- **Problem**: From the line containing "Picture of Durex Play Feel Lube 50ml" down to the line containing "Định đuổi em" in the records below, reproduce every line exactly, ends included, and omit all others.

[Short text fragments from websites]
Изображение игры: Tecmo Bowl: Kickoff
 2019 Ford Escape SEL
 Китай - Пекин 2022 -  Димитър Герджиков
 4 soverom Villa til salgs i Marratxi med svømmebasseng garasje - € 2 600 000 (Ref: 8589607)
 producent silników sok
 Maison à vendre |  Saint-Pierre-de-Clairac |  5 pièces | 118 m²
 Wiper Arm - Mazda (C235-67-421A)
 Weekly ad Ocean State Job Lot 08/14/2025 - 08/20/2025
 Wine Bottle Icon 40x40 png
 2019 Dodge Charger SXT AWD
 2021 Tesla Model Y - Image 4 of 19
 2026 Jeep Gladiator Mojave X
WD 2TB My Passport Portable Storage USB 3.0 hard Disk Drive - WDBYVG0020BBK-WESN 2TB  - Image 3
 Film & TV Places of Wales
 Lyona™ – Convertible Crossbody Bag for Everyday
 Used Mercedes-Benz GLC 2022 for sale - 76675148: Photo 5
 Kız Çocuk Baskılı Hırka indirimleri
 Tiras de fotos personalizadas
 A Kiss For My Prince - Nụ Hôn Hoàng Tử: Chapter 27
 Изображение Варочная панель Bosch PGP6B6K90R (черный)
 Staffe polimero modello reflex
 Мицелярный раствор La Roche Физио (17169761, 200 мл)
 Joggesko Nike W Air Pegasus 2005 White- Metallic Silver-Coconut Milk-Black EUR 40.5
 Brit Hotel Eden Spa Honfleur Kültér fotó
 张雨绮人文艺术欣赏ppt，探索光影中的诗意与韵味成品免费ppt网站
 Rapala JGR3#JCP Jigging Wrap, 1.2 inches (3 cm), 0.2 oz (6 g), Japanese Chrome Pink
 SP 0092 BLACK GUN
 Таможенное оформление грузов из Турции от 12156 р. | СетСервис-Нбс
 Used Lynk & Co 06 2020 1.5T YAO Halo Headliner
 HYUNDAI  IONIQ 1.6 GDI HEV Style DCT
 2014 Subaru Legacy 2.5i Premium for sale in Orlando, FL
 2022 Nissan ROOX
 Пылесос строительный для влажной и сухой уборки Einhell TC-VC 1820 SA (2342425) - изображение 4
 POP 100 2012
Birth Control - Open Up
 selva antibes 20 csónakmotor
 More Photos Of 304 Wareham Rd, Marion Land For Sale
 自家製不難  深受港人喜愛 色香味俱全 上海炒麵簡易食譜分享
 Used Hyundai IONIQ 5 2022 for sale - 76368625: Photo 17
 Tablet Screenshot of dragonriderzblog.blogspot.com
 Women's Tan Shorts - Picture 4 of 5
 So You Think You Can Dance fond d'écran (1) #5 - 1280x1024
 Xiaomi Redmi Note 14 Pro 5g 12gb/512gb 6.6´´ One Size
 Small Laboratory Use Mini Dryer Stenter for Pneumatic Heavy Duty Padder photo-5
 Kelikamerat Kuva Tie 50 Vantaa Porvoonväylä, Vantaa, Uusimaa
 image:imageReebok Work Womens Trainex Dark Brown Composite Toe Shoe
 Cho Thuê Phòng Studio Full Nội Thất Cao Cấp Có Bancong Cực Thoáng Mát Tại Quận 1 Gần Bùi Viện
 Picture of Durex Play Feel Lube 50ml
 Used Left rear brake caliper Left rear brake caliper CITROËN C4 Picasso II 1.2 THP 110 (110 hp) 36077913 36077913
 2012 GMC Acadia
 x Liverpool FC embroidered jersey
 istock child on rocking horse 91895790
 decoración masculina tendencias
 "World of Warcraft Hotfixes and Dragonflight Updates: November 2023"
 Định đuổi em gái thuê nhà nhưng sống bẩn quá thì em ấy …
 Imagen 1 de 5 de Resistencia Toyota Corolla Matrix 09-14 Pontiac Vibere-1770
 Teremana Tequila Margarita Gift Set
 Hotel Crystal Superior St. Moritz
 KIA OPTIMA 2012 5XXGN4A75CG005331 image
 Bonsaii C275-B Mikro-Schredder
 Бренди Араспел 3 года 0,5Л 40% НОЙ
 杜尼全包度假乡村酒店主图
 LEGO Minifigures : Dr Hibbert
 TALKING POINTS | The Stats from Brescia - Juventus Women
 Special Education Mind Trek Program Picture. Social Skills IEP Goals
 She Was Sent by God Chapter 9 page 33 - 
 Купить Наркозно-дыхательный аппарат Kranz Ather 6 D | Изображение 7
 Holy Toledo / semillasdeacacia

- **Answer to the problem**:
 Picture of Durex Play Feel Lube 50ml
 Used Left rear brake caliper Left rear brake caliper CITROËN C4 Picasso II 1.2 THP 110 (110 hp) 36077913 36077913
 2012 GMC Acadia
 x Liverpool FC embroidered jersey
 istock child on rocking horse 91895790
 decoración masculina tendencias
 "World of Warcraft Hotfixes and Dragonflight Updates: November 2023"
 Định đuổi em gái thuê nhà nhưng sống bẩn quá thì em ấy …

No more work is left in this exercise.